NOUVEAUX RISQUES À L’HORIZON
En février, les ventes mondiales d’automobiles ont inscrit une amélioration de 4,0 % sur un mois (en chiffres désaisonnalisés), pour enchaîner un cinquième gain mensuel consécutif. Si le rythme des gains des mois précédents a été relativement stable, on a relevé de fortes fluctuations dans l’ensemble des marchés sur un mois en raison des contraintes de l’offre (et des facteurs de la COVID‑19 dans une moindre mesure), ce qui masque la demande fondamentale. Il faut par exemple penser à la performance des quatre premiers marchés pour les ventes en février : ‑6,4 % sur un mois aux États‑Unis; +6,7 % sur un mois en Chine; +16,8 % sur un mois en Allemagne; et +5,0 % sur un mois au Japon (dans tous les cas en chiffres désaisonnalisés). Les ventes mondiales se sont établies à 70,4 millions d’exemplaires en données désaisonnalisées et en rythme annualisé en février — ce qui représente un rythme honnête de ventes dans la foulée des 67 millions de véhicules légers vendus en 2021 — mais ce qui est toujours inférieur aux ventes prépandémiques de 75 millions d’exemplaires en 2019 (graphique 1). (Veuillez consulter l’Encadré 1 dans l’annexe pour en savoir plus sur les ventes d’automobiles de février.)

À terme, l’invasion de l’Ukraine par la Russie fait peser un risque de baisse important sur les perspectives des ventes mondiales de véhicules. (Veuillez cliquer sur ce lien pour connaître les détails des plus récentes perspectives économiques des Études économiques de la Banque Scotia, dont les hypothèses du scénario de base.) Nous avons révisé nos prévisions sur les ventes mondiales d’automobiles de 2022 à environ 67 millions d’exemplaires — chiffre qui n’a essentiellement pas bougé par rapport aux ventes de 2021 (graphique 2). Les chocs économiques négatifs seront probablement concentrés en Europe initialement, ce qui pourrait amoindrir la demande (et l’offre) régionale d’automobiles.
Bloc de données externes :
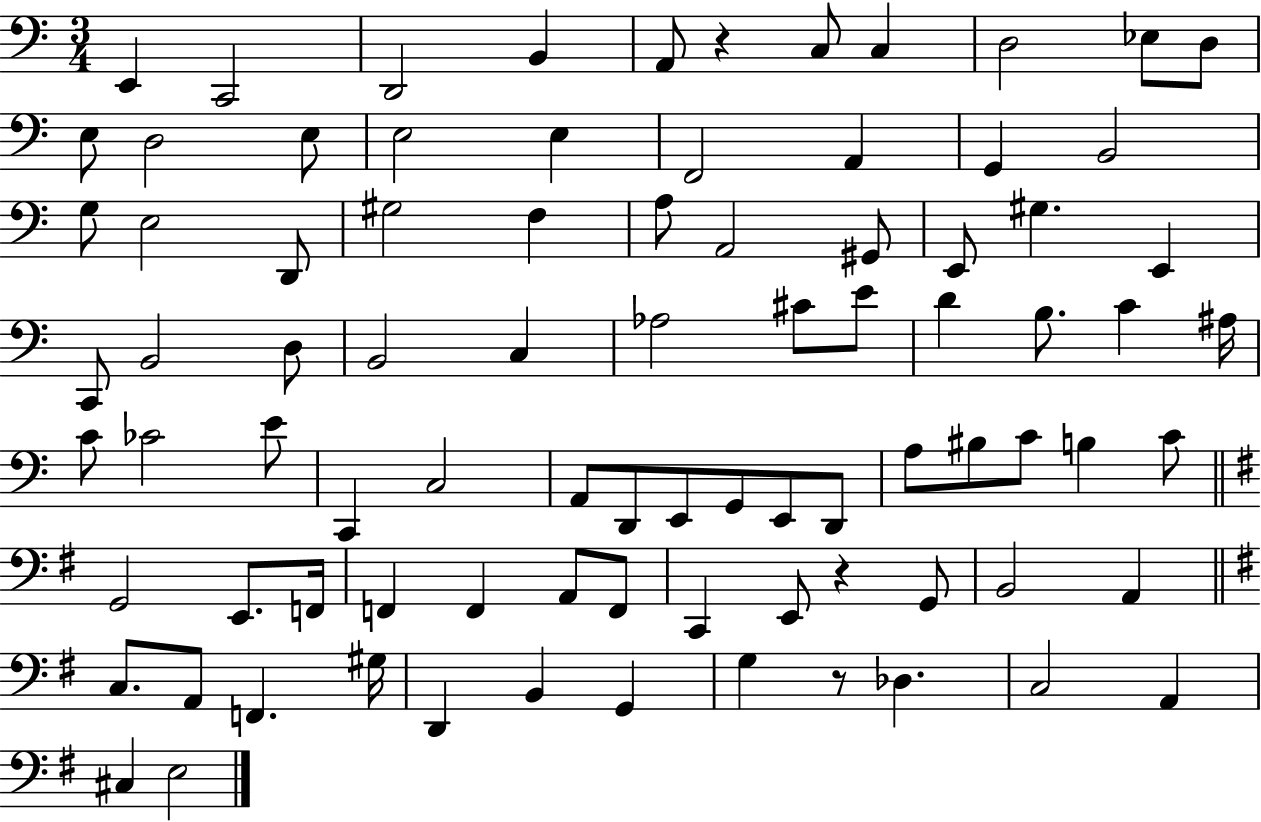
E2/q C2/h D2/h B2/q A2/e R/q C3/e C3/q D3/h Eb3/e D3/e E3/e D3/h E3/e E3/h E3/q F2/h A2/q G2/q B2/h G3/e E3/h D2/e G#3/h F3/q A3/e A2/h G#2/e E2/e G#3/q. E2/q C2/e B2/h D3/e B2/h C3/q Ab3/h C#4/e E4/e D4/q B3/e. C4/q A#3/s C4/e CES4/h E4/e C2/q C3/h A2/e D2/e E2/e G2/e E2/e D2/e A3/e BIS3/e C4/e B3/q C4/e G2/h E2/e. F2/s F2/q F2/q A2/e F2/e C2/q E2/e R/q G2/e B2/h A2/q C3/e. A2/e F2/q. G#3/s D2/q B2/q G2/q G3/q R/e Db3/q. C3/h A2/q C#3/q E3/h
Nous avons redressé nos perspectives sur les ventes d’automobiles en Europe : les prévisions de croissance légèrement positive pour 2022 ont cédé la place à une baisse de ‑3 % sur un an pour l’Europe de l’Ouest et à des pertes très substantielles en Europe de l’Est compte tenu de l’importance du marché russe des ventes d’automobiles. (Nous avons comptabilisé une baisse de ‑33 % sur un an pour l’instant.)

Cette invasion est aussi appelée à percuter d’autres régions dans des environnements (encore) plus inflationnistes. La hausse des taux d’intérêt (et des frais de financement), les coûts de production élevés (et les frais répercutés sur les prix à la consommation), ainsi que l’augmentation des coûts de la propriété en raison de la hausse du prix de l’essence pourraient éroder la demande dans une certaine mesure. (Veuillez consulter le numéro du mois dernier pour un éclairage plus précis sur la demande et sur les bilans des ménages dans le contexte de la hausse des taux.) La mesure dans laquelle la demande actuelle et la demande refoulée pourraient compenser ces facteurs devrait varier dans l’ensemble des pays et des régions.
Par exemple, les fondamentaux économiques relativement plus vigoureux aux États‑Unis et au Canada apportent une certaine résilience. Ces deux pays connaissent une reprise exceptionnellement forte, grâce à d’importants programmes d’aide de l’État, puisque les marchés du travail sont en situation de plein‑emploi ou mieux. Les données rétrospectives sur l’emploi de février mettent en valeur la solidité des marchés du travail au Canada dans le plus récent revirement mondial. Si le Conference Board a fait état d’une amélioration du moral des consommateurs en mars, les sondages de plus grande fréquence de l’Indice de confiance canadienne Bloomberg Nanos ont permis de constater que le sentiment s’est aigri vers la fin du mois. En somme, nous nous attendons à ce que les conditions positives du choc commercial (en raison de la hausse des prix des produits de base) viennent compenser une partie du poids potentiel de la hausse de l’inflation et de l’incertitude exacerbée pour l’économie canadienne.
Les données sur les ventes d’automobiles de février apportent de l’information limitée sur la vigueur du marché canadien. Les données continuent d’être volatiles et contradictoires selon la source : les données de Wards font état d’une amélioration de +6,8 % sur un mois (en chiffres désaisonnalisés) dans la foulée de la baisse de ‑5,3 % sur un mois en janvier. Dans le même temps, DesRosiers Automotive Consultants Inc. a fait état d’une baisse de ‑2,4 % sur un mois (en chiffres désaisonnalisés) en février dans la foulée du rebond de 6 % sur un mois (en chiffres désaisonnalisés) en janvier. Les sources s’entendent un peu mieux sur les estimations du rythme annualisé des ventes corrigé des variations saisonnières pour février : DesRosiers et Wards comptabilisent respectivement 1,62 million et 1,64 million d’exemplaires en données désaisonnalisées et en rythme annualisé. Il s’agit d’un lent début d’année (graphique 3); les données exclusives font état d’une autre baisse du point de vue du nombre de jours de l’offre en février, ce qui continue de limiter le potentiel de ventes.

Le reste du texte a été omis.